(GIVEN MATERIAL begins)
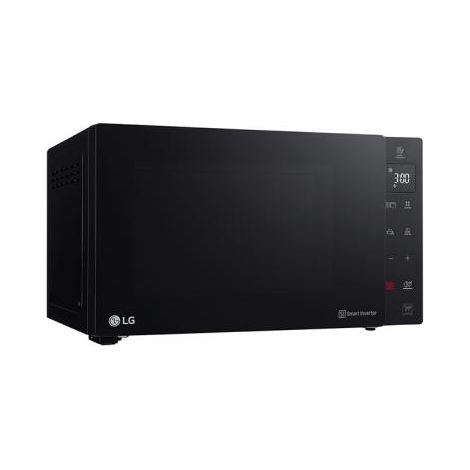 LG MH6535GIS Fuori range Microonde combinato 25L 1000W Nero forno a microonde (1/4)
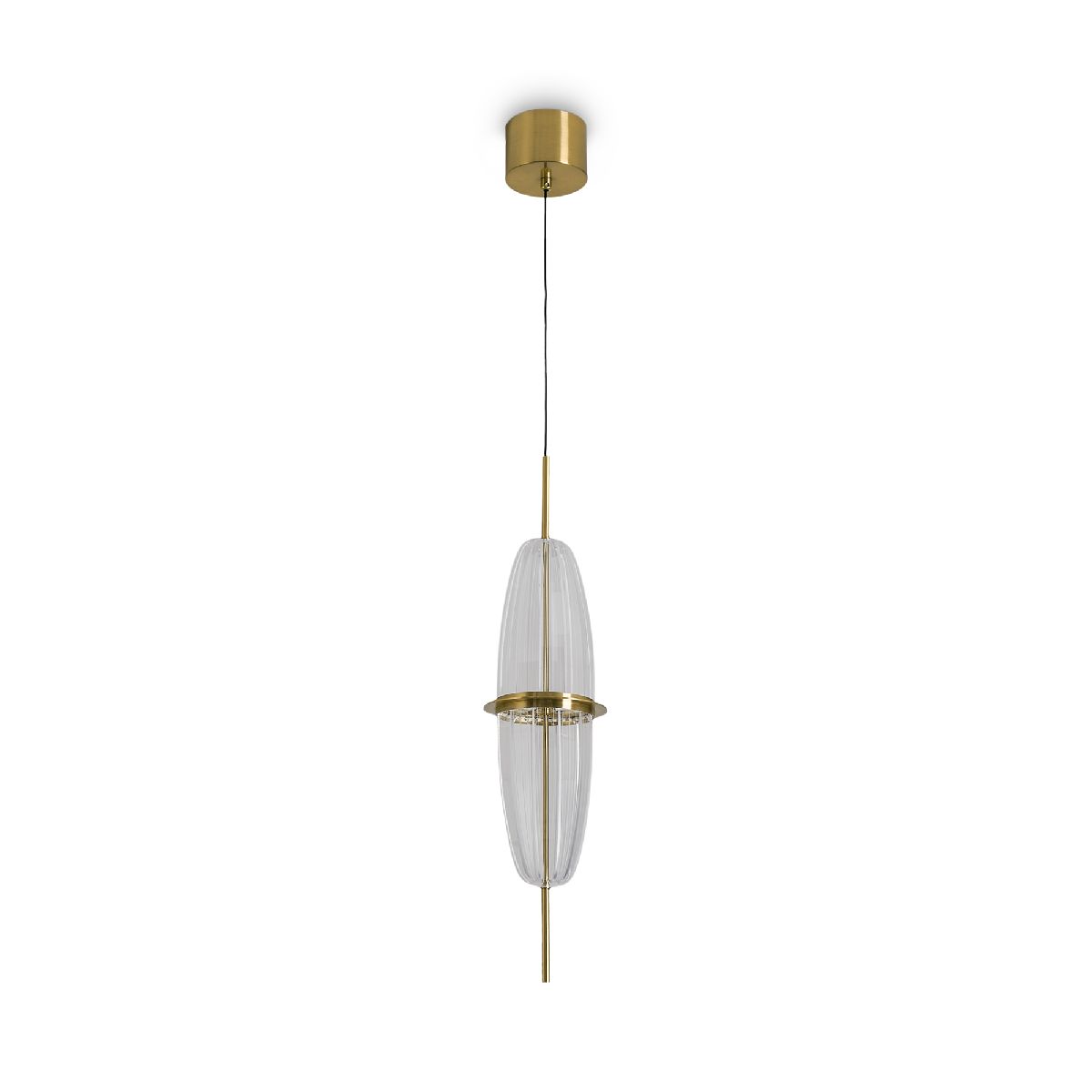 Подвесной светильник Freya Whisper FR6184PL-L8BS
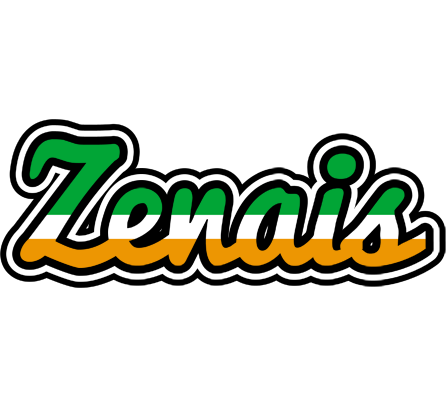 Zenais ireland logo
(GIVEN MATERIAL ends)
**WHAT YOU HAVE TO DO**
Please repeat every line from the listing above exactly as it appears. Drop the pictures.

**SOLVED EXERCISE**
 LG MH6535GIS Fuori range Microonde combinato 25L 1000W Nero forno a microonde (1/4)
 Подвесной светильник Freya Whisper FR6184PL-L8BS
 Zenais ireland logo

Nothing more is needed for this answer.